Women are instinctually better at understanding humanity. There have been multiple times in my husband and my businesses where we met with someone for the first time walking away with a different take. He believed what was presented to us as true and honest. I, on the other hand, knew we couldn’t trust the person at their word. It didn’t take long for my instinct to be factored into our moving forward because it was proven right more than once. My ability to read a person past their words was mixed into my husband’s ability to see the big picture. It made us better at what we did.
If we, as women, disguise our nature to emulate that of our male counterparts, we are not bringing the best of our abilities to our job.
Whether we are single or a married, career woman, with children at home or not, we bring real life into the workplace. We understand the marketplace because we do the grocery shopping, take the kids to soccer practice, buy the school supplies, budget for girl trips on our limited vacation days with a fixed budget. The diversity of our real life brings with it invaluable wisdom.
Because we are generally great at multitasking and we have the ability to view a problem from a diverse set of angles. We can quickly assess need, action, and impact while sitting at our computer drafting an email.
Women understand the importance of meaning and purpose. We often drown in the emotions caught between our desires to do a job well while caring for our family. But that means we know what matters, which in the workplace can set priorities that bring success to the projects we are tackling, bringing both focus and efficiency.
The diversity of our real life brings with it invaluable wisdom.
These are just a few of our natural strengths, there really are many more. So why do we feel the need to act like men when acting like a woman brings success at work?
I think there are two possible answers which make us react this way.
The first is that it’s what we’ve been told. Whether it’s in the wardrobe that is suggested or the women who have spoken out regarding the difficulty of being a woman in the workplace, we have been both vocally and subliminally told it is a necessary act to succeed.
The second is there can be real resistance in the marketplace to elevating a woman through the ranks. The boys club that has existed can’t burp, scratch, and tell an inappropriate joke if a girl has joined. Or at least they shouldn’t. Or at least it will make them a bit uncomfortable, which they don’t want. But neither of those should deter us.

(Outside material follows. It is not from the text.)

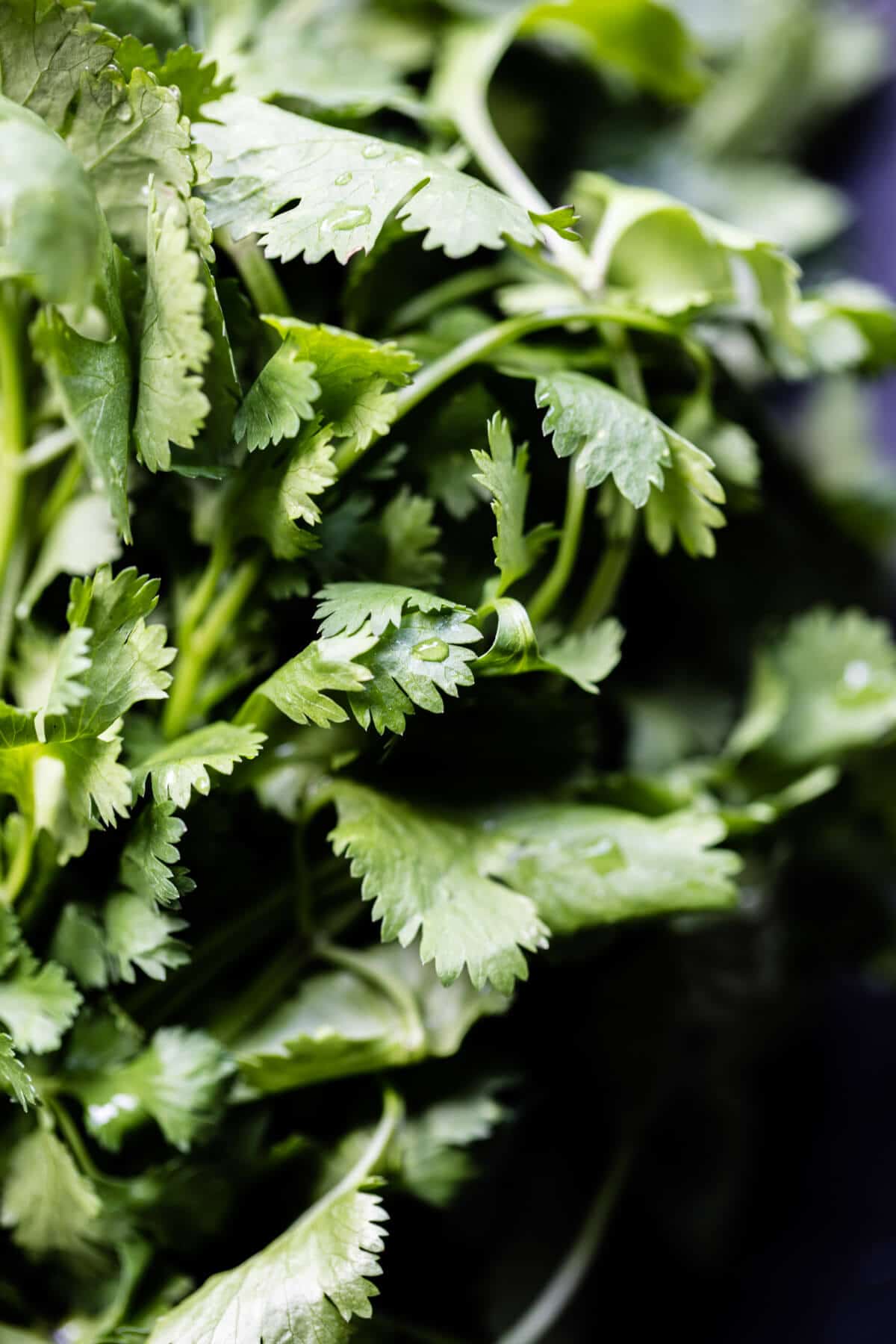 Cheesy Buffalo Chicken French Bread | halfbakedharvest.com @hbharvest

If we can’t work with them, we will work around them. To do that we need to bring the best of who we are as we enter the door. Our unique strengths are the very things that will set us apart. We will look different than our male counterparts because we are. The diversity our gender offers creates added value and added opportunity.
These studies done from 1999 to date display that fact. They were commissioned by the same corporate America that the study impacts so they are being discussed in the marketplace. So bring that diversity to your workplace and quit trying to act like a man. Because acting like a woman with grit and grace certainly will set you apart.